No one likes paying taxes, but everyone wants the benefits that they provide, like fire and police services, roads and other public utilities, but what if there were a way to get rid of the middle-man? It’s called crowdsourcing, and some successes in crowdfunding means taxes are becoming obsolete.
The difference between crowdfunding and taxes is choice
Ever met anyone who views taxes as a civic duty rather than a giant pain in a particular body part that rhymes with “grass?” Taxes aren’t technically a public benefit or a public good; they are partially, and how large the portion is remains up for debate, for funding things most people need. Things like roads, public schools, police, firefighters, lawyers for police when they kill someone for no reason, subsidies for companies that paid off elected officials and so forth, all depend on tax revenues.
The taxes themselves are imposed; the citizenry doesn’t have a choice. Taxes, in reality, are fees imposed by a group of people that have henchmen with guns that say we have to pay or else. Sometimes we benefit from them. Granted, we might well choose to keep paying them if given a choice, but we still don’t have one.
This sucker is electrical
But what if we were? There’s something called “crowdsourcing,” where people take to the Internet, the series of tubes invented by Al Gore, and social networks to come up with ideas, and more to the point, funds, for various projects. When used to raise funds, it’s called “crowdfunding.”

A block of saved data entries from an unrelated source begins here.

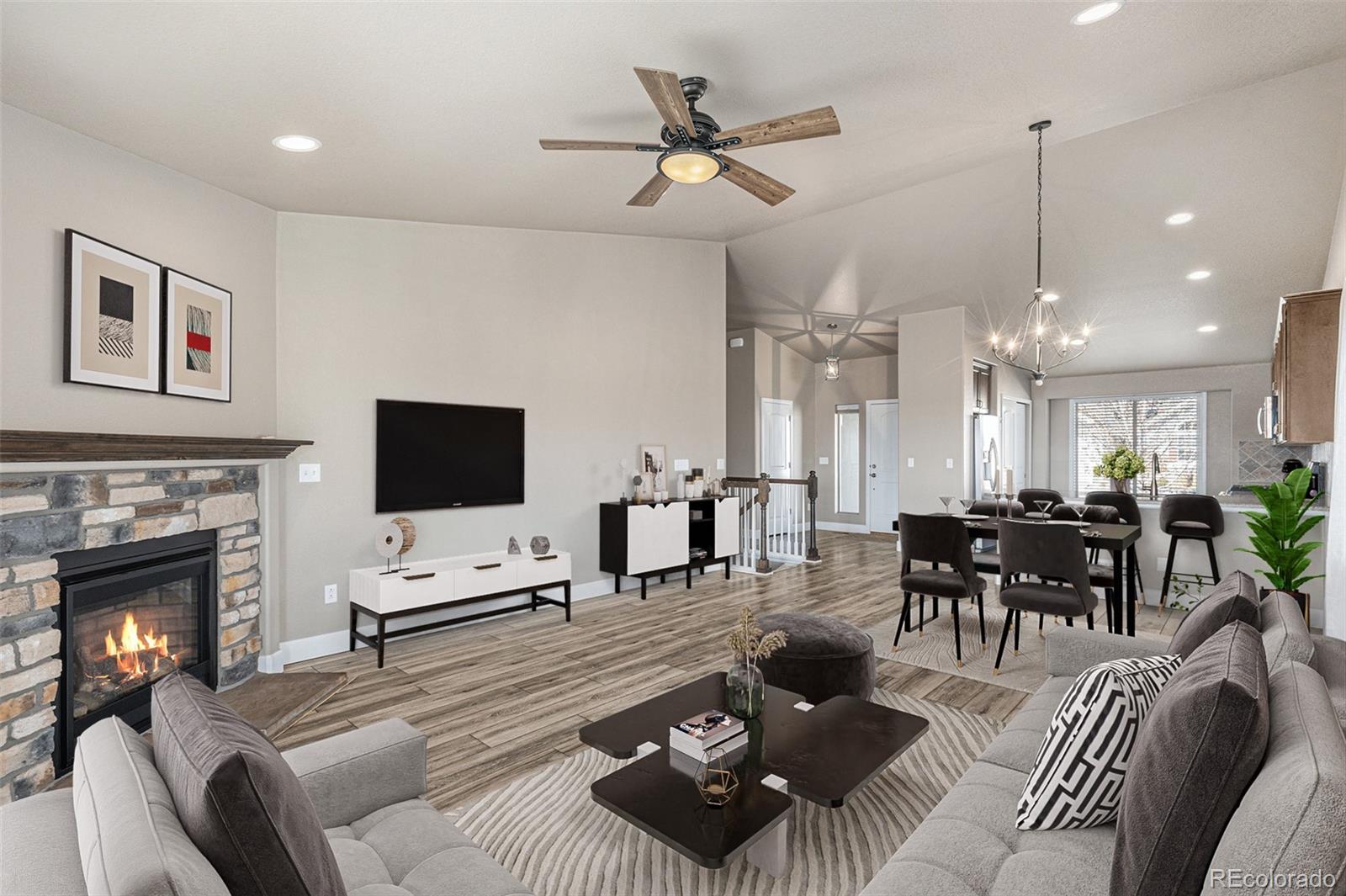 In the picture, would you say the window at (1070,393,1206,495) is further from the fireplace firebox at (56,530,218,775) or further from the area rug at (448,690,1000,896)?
the fireplace firebox at (56,530,218,775)

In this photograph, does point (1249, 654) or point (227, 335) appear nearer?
point (1249, 654)

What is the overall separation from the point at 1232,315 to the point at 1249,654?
742 cm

Crowdfunding is used in different ways and for different purposes. It can be used to raise donations, which don’t have to be paid back, or small loans that aggregate into a larger one, which do. For instance, websites Prosper.com and LendingClub.com both crowdfund personal loans for borrowers from investors, as does Kiva Microfinance.
Big things are possible. According to Slate.com, a recent crowdfunded project is the Tesla Museum. The land that the former laboratory of famous inventor Nikola Tesla used to sit on, in New York, is up for sale. A non-profit foundation wants to buy the site and create a museum devoted to Tesla. The land costs $1.4 million and the state of New York is generously providing $800,000, provided matching funds can be raised. Matthew Inman, creator of webcomic site TheOatmeal.com, started a project on Indiegogo.com, a crowdfunding site, after creating some webcomics about it to spur interest.

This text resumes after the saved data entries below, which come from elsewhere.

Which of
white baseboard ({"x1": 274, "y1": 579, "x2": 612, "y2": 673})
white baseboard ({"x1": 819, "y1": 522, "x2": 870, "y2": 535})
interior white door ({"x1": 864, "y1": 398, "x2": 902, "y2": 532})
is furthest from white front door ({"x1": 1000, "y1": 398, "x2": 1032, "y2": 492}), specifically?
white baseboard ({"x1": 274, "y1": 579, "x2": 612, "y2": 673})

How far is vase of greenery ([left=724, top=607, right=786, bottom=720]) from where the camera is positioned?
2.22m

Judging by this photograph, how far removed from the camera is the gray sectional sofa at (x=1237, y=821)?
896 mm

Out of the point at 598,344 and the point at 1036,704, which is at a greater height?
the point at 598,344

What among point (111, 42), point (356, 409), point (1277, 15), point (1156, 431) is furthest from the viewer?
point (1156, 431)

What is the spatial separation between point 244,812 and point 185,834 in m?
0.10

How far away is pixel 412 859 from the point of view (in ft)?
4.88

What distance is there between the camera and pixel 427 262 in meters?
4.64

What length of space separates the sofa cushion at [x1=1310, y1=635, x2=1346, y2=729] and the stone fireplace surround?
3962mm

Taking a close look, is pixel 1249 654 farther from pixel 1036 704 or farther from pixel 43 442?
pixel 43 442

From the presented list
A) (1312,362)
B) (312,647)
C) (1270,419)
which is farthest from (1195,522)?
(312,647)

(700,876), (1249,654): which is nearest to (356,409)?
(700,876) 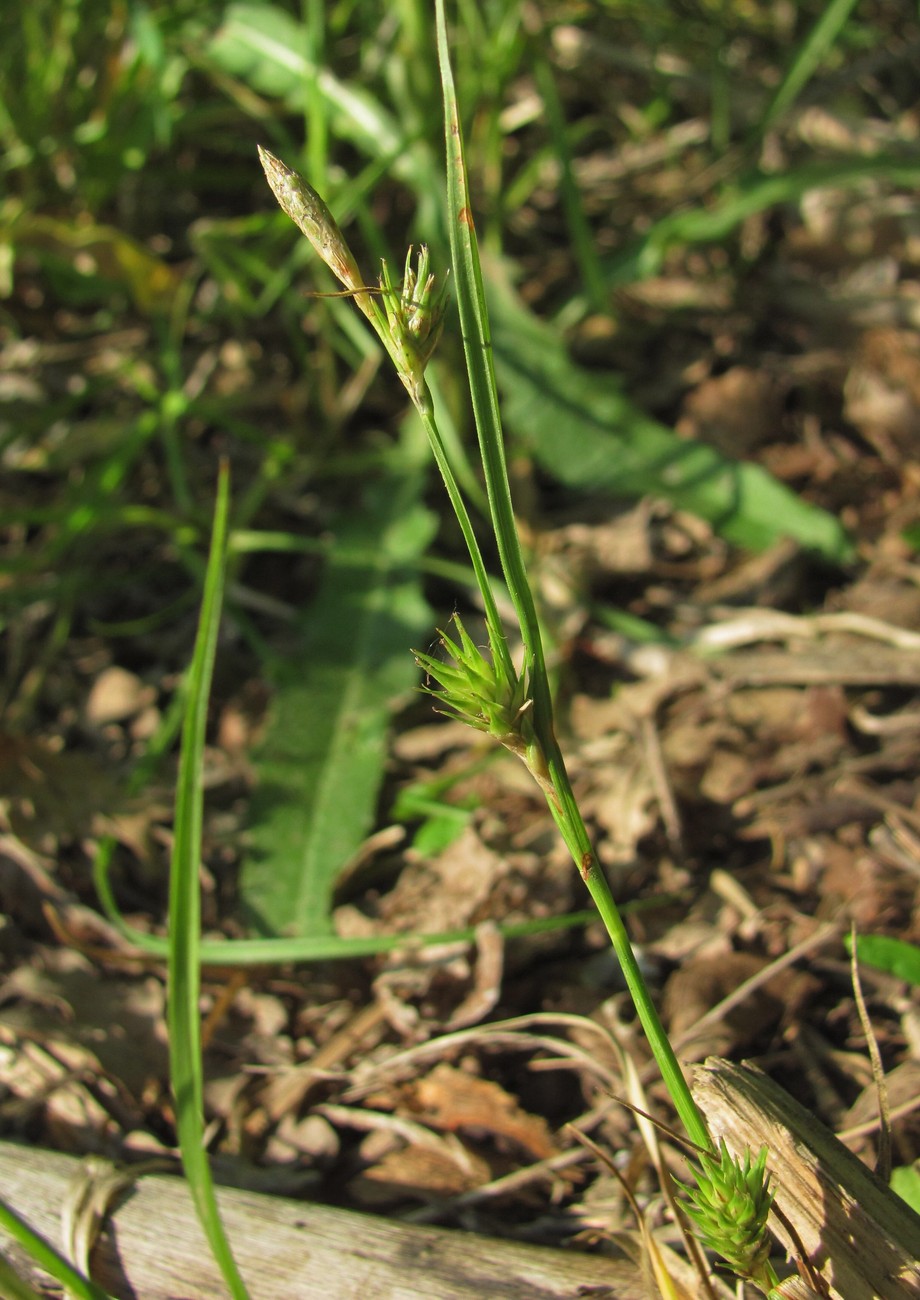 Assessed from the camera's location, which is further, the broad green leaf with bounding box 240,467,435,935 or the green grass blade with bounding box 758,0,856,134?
the green grass blade with bounding box 758,0,856,134

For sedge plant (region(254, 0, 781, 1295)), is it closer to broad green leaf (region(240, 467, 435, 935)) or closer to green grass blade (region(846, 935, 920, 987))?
green grass blade (region(846, 935, 920, 987))

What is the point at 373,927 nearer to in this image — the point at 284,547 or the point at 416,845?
the point at 416,845

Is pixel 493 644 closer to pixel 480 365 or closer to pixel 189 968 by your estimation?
Answer: pixel 480 365

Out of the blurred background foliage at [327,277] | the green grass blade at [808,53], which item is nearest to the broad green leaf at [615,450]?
the blurred background foliage at [327,277]

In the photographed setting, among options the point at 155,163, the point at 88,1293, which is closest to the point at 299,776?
the point at 88,1293

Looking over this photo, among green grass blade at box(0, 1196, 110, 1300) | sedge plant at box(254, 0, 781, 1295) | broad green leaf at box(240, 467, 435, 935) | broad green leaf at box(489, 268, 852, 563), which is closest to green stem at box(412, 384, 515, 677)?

More than $1 million has been raised.
Application to public works
Granted, the state of New York is providing a generous share of the funding, but the price of the land has almost already been raised. Could the same thing be done for a public pool, or perhaps a new highway? Of course it could, given enough publicity. Technically, tax revenues are already crowdfunded, the only difference being that the middle man is a government and the people paying for it aren’t given a choice. Sometimes they are; we do have to vote for levies.
Not only that, but a public works project, funded by private citizens, wouldn’t necessarily have to be from donations. Say a new highway extension was needed; it could become a toll road, either permanently or until it was repaid. Obviously, there is potential in the model. One wonders what other parts of the government are obsolete?